21 KiB
Contributed Recipes
Users sometimes share interesting ways of using the Jupyter Docker Stacks.
We encourage users to contribute these recipes to the documentation in case they prove helpful to other community members by submitting a pull request to docs/using/recipes.md
.
The sections below capture this knowledge.
Using sudo
within a container
Password authentication is disabled for the NB_USER
(e.g., jovyan
).
We made this choice to avoid distributing images with a weak default password that users might will forget to change before running a container on a publicly accessible host.
You can grant the within-container NB_USER
passwordless sudo
access by adding --user root
and -e GRANT_SUDO=yes
to your Docker command line or appropriate container orchestrator config.
For example:
docker run -it --rm \
--user root \
-e GRANT_SUDO=yes \
jupyter/base-notebook
You should only enable sudo
if you trust the user and/or if the container is running on an isolated host.
See Docker security documentation for more information about running containers as root
.
Using mamba install
(recommended) or pip install
in a Child Docker image
Create a new Dockerfile like the one shown below.
To use a requirements.txt file, first, create your requirements.txt
file with the listing of packages desired.
FROM jupyter/base-notebook
RUN mamba install --yes 'flake8' && \
mamba clean --all -f -y && \
fix-permissions "${CONDA_DIR}" && \
fix-permissions "/home/${NB_USER}"
# Install from the requirements.txt file
COPY --chown=${NB_UID}:${NB_GID} requirements.txt /tmp/
RUN mamba install --yes --file /tmp/requirements.txt && \
mamba clean --all -f -y && \
fix-permissions "${CONDA_DIR}" && \
fix-permissions "/home/${NB_USER}"
pip
usage is similar:
FROM jupyter/base-notebook
# Install in the default python3 environment
RUN pip install --no-cache-dir 'flake8' && \
fix-permissions "${CONDA_DIR}" && \
fix-permissions "/home/${NB_USER}"
# Install from the requirements.txt file
COPY --chown=${NB_UID}:${NB_GID} requirements.txt /tmp/
RUN pip install --no-cache-dir --requirement /tmp/requirements.txt && \
fix-permissions "${CONDA_DIR}" && \
fix-permissions "/home/${NB_USER}"
Then build a new image.
docker build --rm -t my-custom-image .
Add a custom conda environment and Jupyter kernel
The default version of Python that ships with the image may not be the version you want.

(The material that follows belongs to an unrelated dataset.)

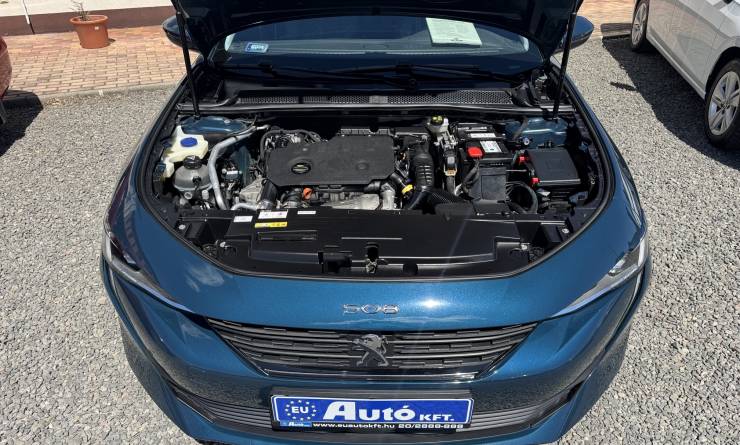 Peugeot 508 1.5 BlueHDi Allure EAT8 (2021. 03)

The instructions below permit adding a conda environment with a different Python version and making it accessible to Jupyter.
FROM jupyter/minimal-notebook
# name your environment and choose the python version
ARG conda_env=python37
ARG py_ver=3.7
# you can add additional libraries you want mamba to install by listing them below the first line and ending with "&& \"
RUN mamba create --yes -p "${CONDA_DIR}/envs/${conda_env}" python=${py_ver} ipython ipykernel && \
mamba clean --all -f -y
# alternatively, you can comment out the lines above and uncomment those below
# if you'd prefer to use a YAML file present in the docker build context
# COPY --chown=${NB_UID}:${NB_GID} environment.yml "/home/${NB_USER}/tmp/"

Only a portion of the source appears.